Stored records
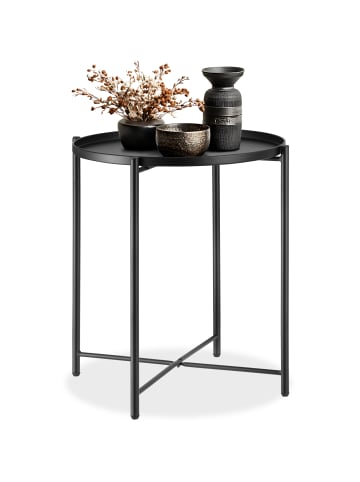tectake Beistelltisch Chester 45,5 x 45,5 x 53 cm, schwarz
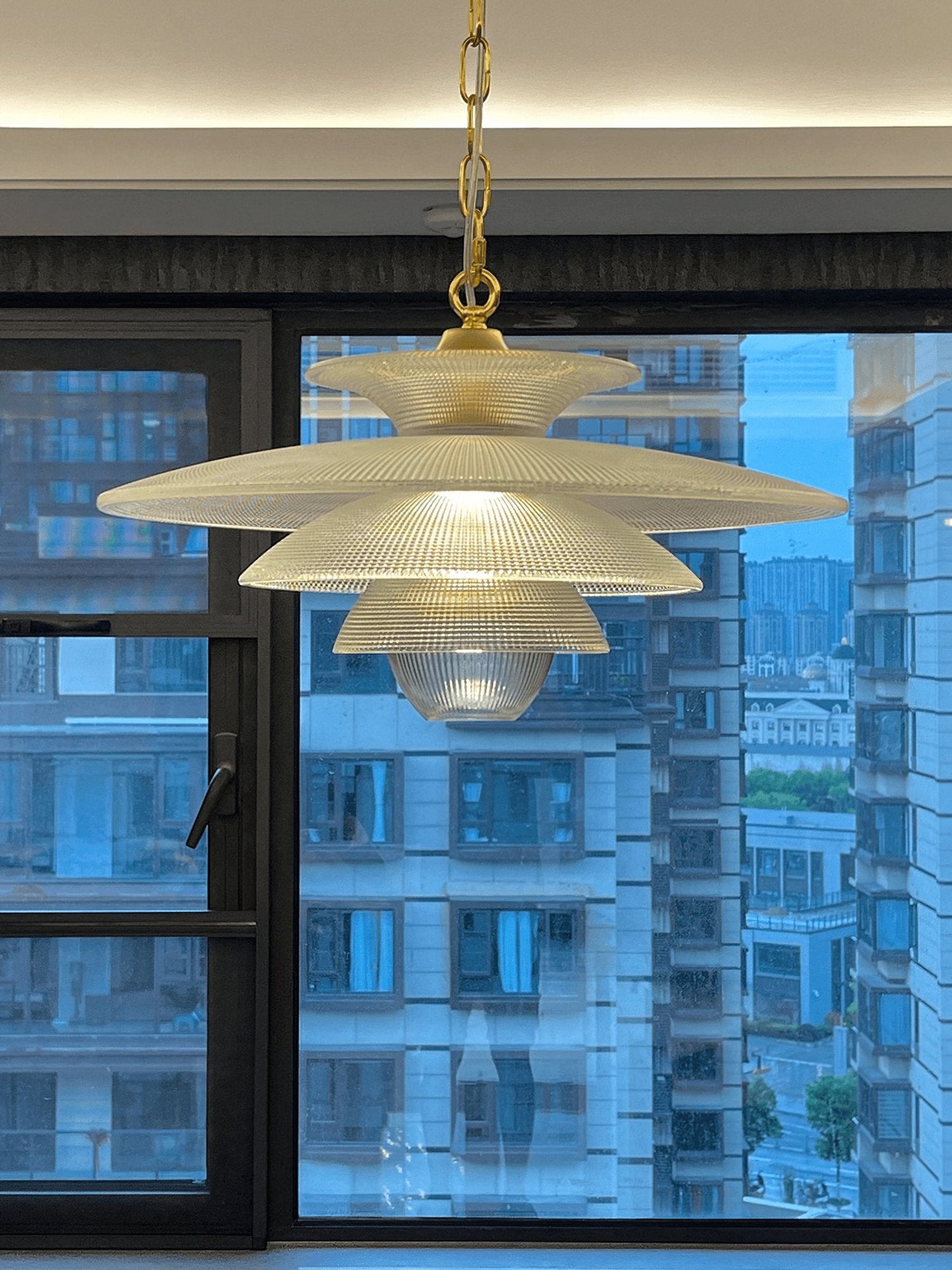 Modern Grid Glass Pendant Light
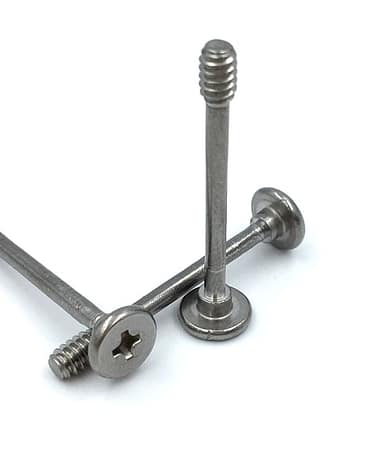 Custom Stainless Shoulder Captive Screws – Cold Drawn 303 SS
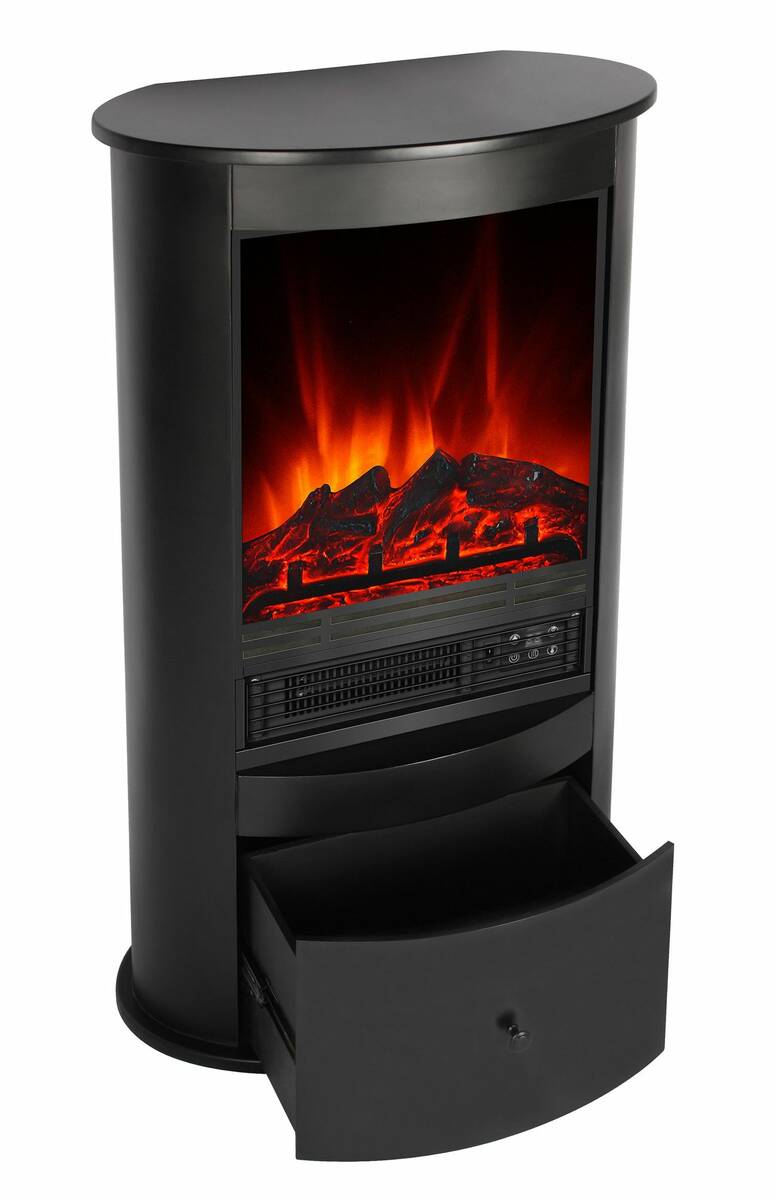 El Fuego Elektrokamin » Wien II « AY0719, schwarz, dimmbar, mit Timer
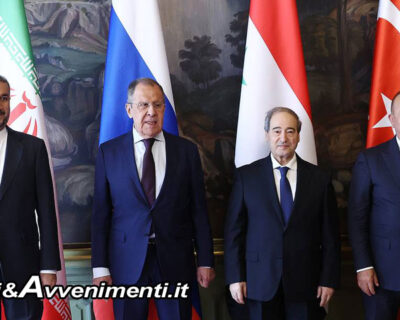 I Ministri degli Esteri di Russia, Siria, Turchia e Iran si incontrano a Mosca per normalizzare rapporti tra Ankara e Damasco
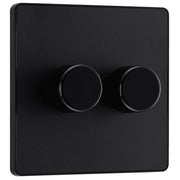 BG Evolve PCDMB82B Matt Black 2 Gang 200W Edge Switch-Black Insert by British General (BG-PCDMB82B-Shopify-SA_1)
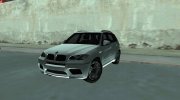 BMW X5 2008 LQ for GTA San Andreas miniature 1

Problem
Exactly as written, reproduce the lines from the one containing "BG Evolve PCDMB82B" through the last line of the entries above, and leave every picture out.

Answer
 BG Evolve PCDMB82B Matt Black 2 Gang 200W Edge Switch-Black Insert by British General (BG-PCDMB82B-Shopify-SA_1)
 BMW X5 2008 LQ for GTA San Andreas miniature 1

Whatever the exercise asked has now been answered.